The Design of Software (CLOSED)

A public forum for discussing the design of software, from the user interface to the code architecture. Now closed.

The "Design of Software" discussion group has been merged with the main Joel on Software discussion group.

The archives will remain online indefinitely.

Multiple Inheritance and Constructors

In C++ sometimes I like to skip the constructors completely and just cast some data straight into a class. This is entertaining to me to do with stuff like things that are struct data that is dumped straight to a disk file and then read back in. But I have functions to act on the raw binary data and damned if don't find it convenient to call them class member functions, which I can do through the magic of the coersive cast operation.

OK, I know that some C++ folks are having strokes right now and firing up vi to rant at me about this practice, but hey, it works great and I get to skip the nasty steps of writing serializers for these classes - I just dump them straight out.

Now of course, you simply can NOT have any virtual functions in any classes because the class can NOT have a vtable since that will never get initialized using this positively MAD method that I, the deranged scientist, have devised. (insert evil laugh)

So I was just idly wondering here. So far these things are really structs with functions that operate on them. But what if I were to use multiple inheritance? Would that work as well? I am pretty sure that there are no vtables just because you use multiple inheritance unless you have some virtual members. Right? Or is there some initialization that a class constructor has to perform on non-virtual multiply inherited classes?

I'm going to find out by experiment but I thought I'd toss this out in case any one has any guesses in advance.

Thanks for listening and I look forward to hearing your thoughts.
Scott
Tuesday, November 21, 2006
 
 
It depends on platform, compiler, compiler version, and moonphase. The C++ standard doesn't specify anything about the internal structure of objects, beyond (possibly) what's specified for C structs. Your compiler manual might, but I doubt it.

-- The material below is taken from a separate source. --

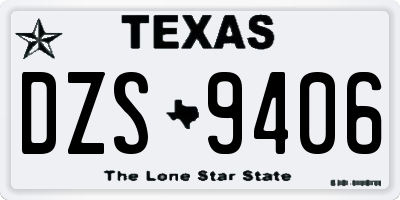 TX license plate DZS9406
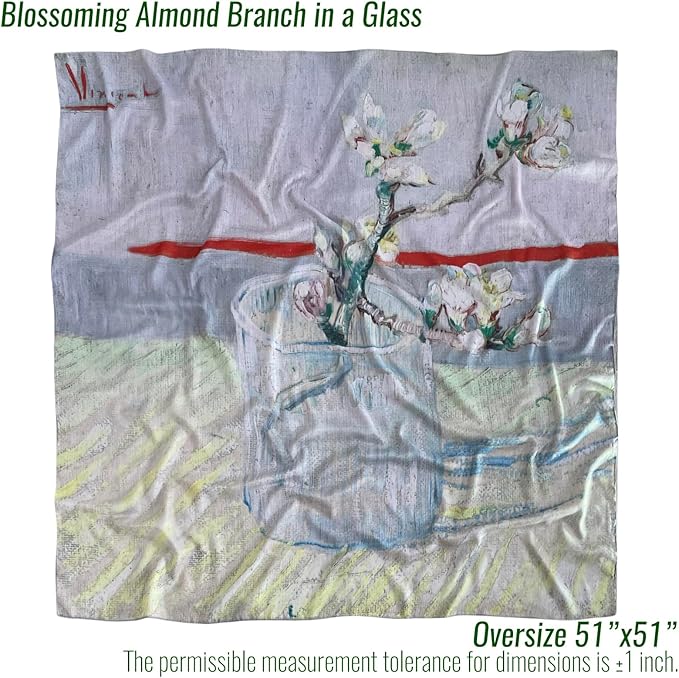 Artist Oil Painting Wraps 51"x51" Cashmere-Soft Art Pashmina Luxury Rolled Hem Women Large Travel Blanket Shawl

My guess is that most compilers won't insert a vtable unless you have virtual functions. However, there might be a table of offsets to the start of each base class's members or something similar.

Code like you've described and the data files that it produces are inherently unportable. The next compiler upgrade could completely break it. I'm sure you already know that, but it's worth pointing out for the benefit of others who are reading.
clcr
Wednesday, November 22, 2006
 
 
Yes, its definitely unportable.

However, it is encapsulated, and it can be made somewhat portable if necessary in that the classes always come with a version-id at the top so if it was ever necessary converters can be written.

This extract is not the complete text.